◆ **Problem description**
An exact repeat is needed of the lines from the one with "Lampada a sospensione" through the last line of the data below. Please omit the pictures.

◆ **Source data**
===
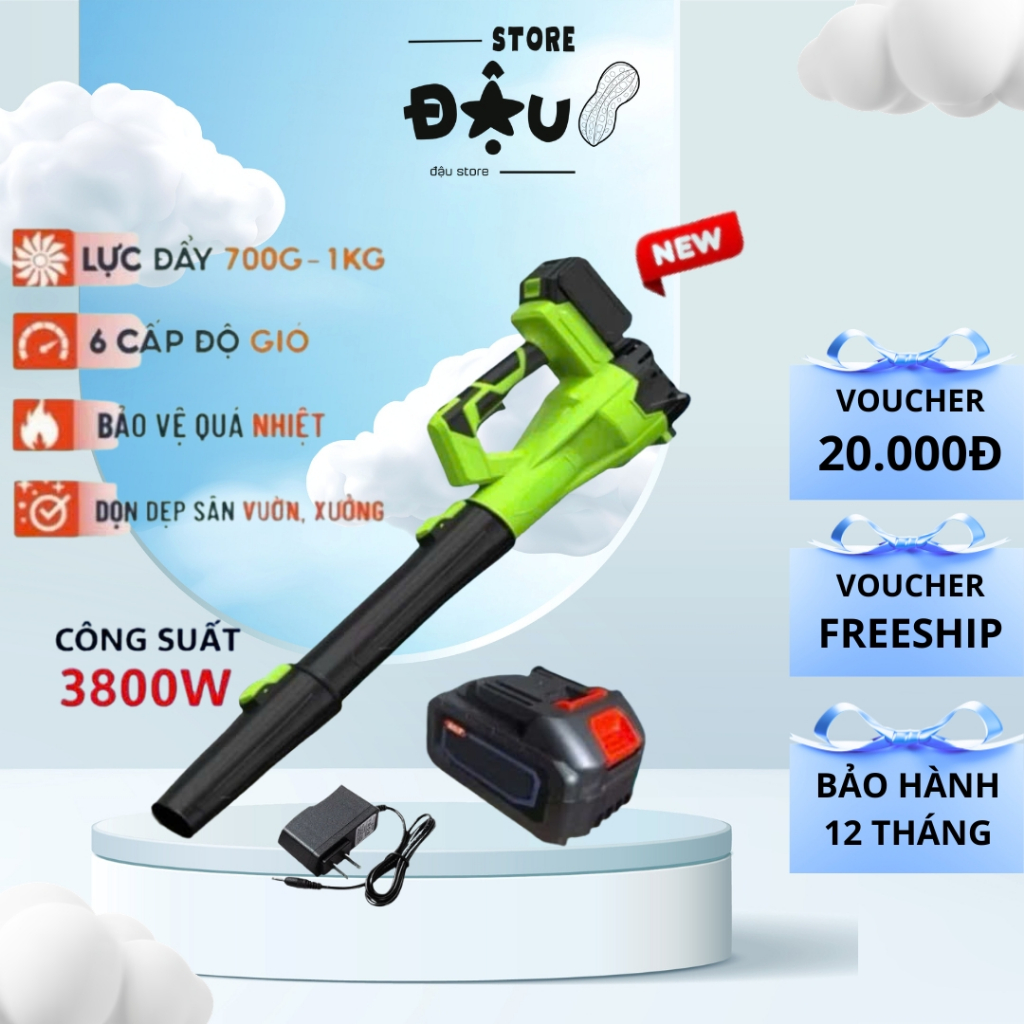 Máy Thổi Phản Lực Siêu Mạnh Công Suất Lớn 3800W, Máy Thổi Không Dây Có 6 Tốc Độ, Thổi Bụi Cực Nhanh, Hoạt Động Mạnh Mẽ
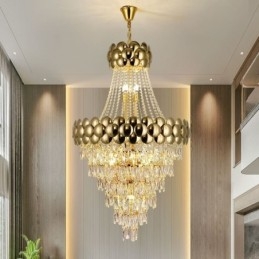 Lampada a sospensione in cristallo placcato oro duplex di lusso decorativo lampada da soffitto 80 cm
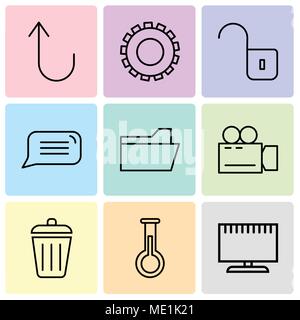 Set Of 9 simple editable icons such as Television, Erlenmeyer Flask, Dustbin, Video camera, File folder, Speech bubble, Unlocked padlock, Gear, Cancel Stock Vector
===
◆ **Task solution**
 Lampada a sospensione in cristallo placcato oro duplex di lusso decorativo lampada da soffitto 80 cm
 Set Of 9 simple editable icons such as Television, Erlenmeyer Flask, Dustbin, Video camera, File folder, Speech bubble, Unlocked padlock, Gear, Cancel Stock Vector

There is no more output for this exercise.